The ‘Gourmet Bushie’ takes on the Big Apple


The ‘Gourmet Bushie’ takes on the Big Apple

Celebrity chef Sherwyn Weaich is off to represent SA at the New York Times International Tourism Convention

Senior reporter

Celebrity television chef Sherwyn Weaich has remained true to his Durban roots. Weaich’s love for his city is often reflected in the gastronomic delights he conjures in his kitchen, from curries to dombolo, a traditional dumpling. The 29-year-old, who appeared on television shows like Master Chef South Africa and The Ultimate Braai Master, wears many hats including that of cookbook author and creator of signature events. Weaich unpacks his love for good food, ahead of his appearance at the New York Times International Tourism Convention this week.
Where does your passion for food stem from?
So many people have asked me, why I chose this path in the kitchen? My answer remains the same: I did not choose this path, I grew up in a home surrounded by food and it is a part of who I am. So in essence, it chose me. I grew up in a home filled with family and fun and laughter.

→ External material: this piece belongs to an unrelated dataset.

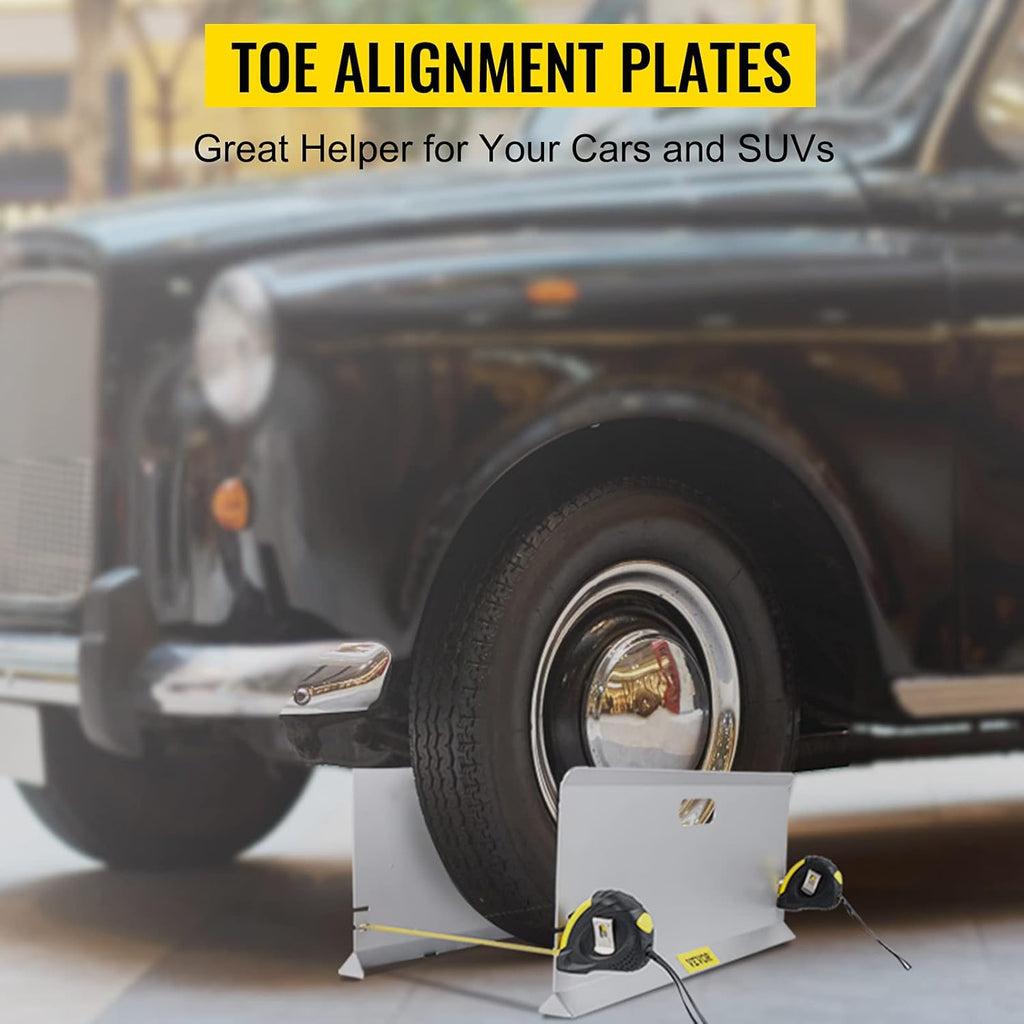 Aluminum Alloy Toe Plates Wheel Alignment Tool B656672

So it goes without saying that food was always on our mind. From vetkoek to dombolo, I’ve had it all.
Name two people who have inspired you?
This might seem like a simple question but it’s not. I don’t have just two and there are so many. However, my grandmothers have both have motivated and pushed me, guided me and taught me. One is the curry queen and coming from Durban I was able to learn how to blend flavours and spices because, as we know, Durban is the spice capital of Africa. The other granny taught me my baking ... from bread to cakes and puddings. She learnt from her dad, my great-grandfather who was the first non-white executive chef at the former Edward Hotel on the Durban beachfront.
The first dish you prepared?
It was terrible, I was about six years old and it was my parents’ anniversary. My cousin and I tried being creative ... Let’s just say we ended up eating take-out that night and we ended up cleaning, the walls, floor and ceiling. It was a disaster. What I did learn though was what not to do the next time because most of all I had fun, even though the food was not suitable for human consumption.
Tell us about your brand The Gourmet Bushie?
I started my brand after my travels across Southern Africa and it was in the Namib desert after dune surfing that it dawned on me. South Africa has a history of diverse cooking and cooking over an open flame. By creating The Gourmet Bushie I was able to not just cook good food but create an experience for people. So any dish that I showcase in a kitchen I can show you step by step over an open fire. That’s what my brand is about,creating experiences through food and with food.
You will be representing SA at the New York Times International Tourism Convention this week. Will you be promoting Durban as a foodie destination?
I will be showcasing South African and Durban food trends, speaking about local hot spots, and what to expect. While I’m in New York, best believe, I will leave a few New Yorkers with a bit of an education, having taught them how to vosho and gwara gwara (local dance moves) in the kitchen while cooking because its not just about the food but the true South African experience.